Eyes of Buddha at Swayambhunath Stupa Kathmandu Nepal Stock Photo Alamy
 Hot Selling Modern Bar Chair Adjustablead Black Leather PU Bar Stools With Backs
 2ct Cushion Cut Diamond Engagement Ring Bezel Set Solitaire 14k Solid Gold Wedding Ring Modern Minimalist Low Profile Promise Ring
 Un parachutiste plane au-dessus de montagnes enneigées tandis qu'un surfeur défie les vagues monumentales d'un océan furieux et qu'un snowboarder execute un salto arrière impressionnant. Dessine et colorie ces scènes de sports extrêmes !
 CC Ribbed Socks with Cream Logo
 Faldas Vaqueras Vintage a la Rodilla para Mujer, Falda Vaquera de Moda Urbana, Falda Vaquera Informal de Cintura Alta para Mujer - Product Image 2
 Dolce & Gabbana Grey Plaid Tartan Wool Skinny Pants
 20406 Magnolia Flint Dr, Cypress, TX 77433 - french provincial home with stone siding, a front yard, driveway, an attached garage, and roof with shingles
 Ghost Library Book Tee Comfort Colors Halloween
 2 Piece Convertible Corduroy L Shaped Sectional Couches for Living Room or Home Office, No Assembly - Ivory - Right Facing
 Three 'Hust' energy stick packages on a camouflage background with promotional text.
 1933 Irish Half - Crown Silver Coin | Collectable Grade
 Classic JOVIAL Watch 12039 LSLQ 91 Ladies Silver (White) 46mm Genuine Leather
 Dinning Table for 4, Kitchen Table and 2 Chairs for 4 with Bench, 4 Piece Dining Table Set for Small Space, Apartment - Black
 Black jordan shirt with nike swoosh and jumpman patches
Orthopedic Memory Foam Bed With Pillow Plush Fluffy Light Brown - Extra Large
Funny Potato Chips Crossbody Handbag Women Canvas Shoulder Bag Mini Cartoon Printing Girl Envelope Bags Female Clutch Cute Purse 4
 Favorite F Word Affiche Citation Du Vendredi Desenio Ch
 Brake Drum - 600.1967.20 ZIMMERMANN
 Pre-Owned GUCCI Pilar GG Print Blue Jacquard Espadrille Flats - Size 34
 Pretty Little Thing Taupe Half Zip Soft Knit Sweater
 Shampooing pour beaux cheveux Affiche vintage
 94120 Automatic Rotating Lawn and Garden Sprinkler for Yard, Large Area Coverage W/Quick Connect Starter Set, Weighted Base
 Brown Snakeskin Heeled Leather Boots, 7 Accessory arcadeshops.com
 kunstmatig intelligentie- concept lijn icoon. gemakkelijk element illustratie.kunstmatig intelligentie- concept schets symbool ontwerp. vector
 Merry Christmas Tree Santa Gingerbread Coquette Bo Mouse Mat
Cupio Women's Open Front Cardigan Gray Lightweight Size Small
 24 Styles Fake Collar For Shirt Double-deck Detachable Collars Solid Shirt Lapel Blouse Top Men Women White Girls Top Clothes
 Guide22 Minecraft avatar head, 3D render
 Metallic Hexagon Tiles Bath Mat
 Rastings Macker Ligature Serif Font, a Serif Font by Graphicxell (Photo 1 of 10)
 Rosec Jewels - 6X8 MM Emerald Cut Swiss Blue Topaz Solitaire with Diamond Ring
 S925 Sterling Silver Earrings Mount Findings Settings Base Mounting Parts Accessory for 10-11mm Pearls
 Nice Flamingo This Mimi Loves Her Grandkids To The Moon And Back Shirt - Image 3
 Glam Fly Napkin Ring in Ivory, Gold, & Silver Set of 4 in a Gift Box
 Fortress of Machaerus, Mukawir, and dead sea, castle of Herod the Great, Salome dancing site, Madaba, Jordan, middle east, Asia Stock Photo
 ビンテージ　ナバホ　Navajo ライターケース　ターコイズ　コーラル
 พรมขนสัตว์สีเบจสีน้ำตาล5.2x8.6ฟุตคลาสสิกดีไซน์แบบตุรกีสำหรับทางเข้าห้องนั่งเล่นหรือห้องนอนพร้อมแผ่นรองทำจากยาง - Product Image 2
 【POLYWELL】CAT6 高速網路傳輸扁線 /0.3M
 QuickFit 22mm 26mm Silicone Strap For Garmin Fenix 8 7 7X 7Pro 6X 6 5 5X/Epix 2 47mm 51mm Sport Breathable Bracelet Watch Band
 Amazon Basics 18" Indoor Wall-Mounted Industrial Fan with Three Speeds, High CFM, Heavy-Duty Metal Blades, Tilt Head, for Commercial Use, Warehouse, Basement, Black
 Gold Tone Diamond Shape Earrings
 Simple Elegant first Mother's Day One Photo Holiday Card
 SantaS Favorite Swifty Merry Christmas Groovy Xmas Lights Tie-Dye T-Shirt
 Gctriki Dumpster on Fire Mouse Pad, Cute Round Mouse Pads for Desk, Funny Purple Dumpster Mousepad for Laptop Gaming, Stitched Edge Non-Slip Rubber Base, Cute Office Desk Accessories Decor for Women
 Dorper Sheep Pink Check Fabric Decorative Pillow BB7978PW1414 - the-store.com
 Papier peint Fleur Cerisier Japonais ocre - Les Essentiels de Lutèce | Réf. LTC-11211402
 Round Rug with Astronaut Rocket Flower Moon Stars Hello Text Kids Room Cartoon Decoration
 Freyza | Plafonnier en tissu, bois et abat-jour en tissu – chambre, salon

* **WORK INSTRUCTION**
Your answer should hold every line of the entries that contains the string "Half".

* **ANSWER TO THIS PROBLEM**
 1933 Irish Half - Crown Silver Coin | Collectable Grade
 Pretty Little Thing Taupe Half Zip Soft Knit Sweater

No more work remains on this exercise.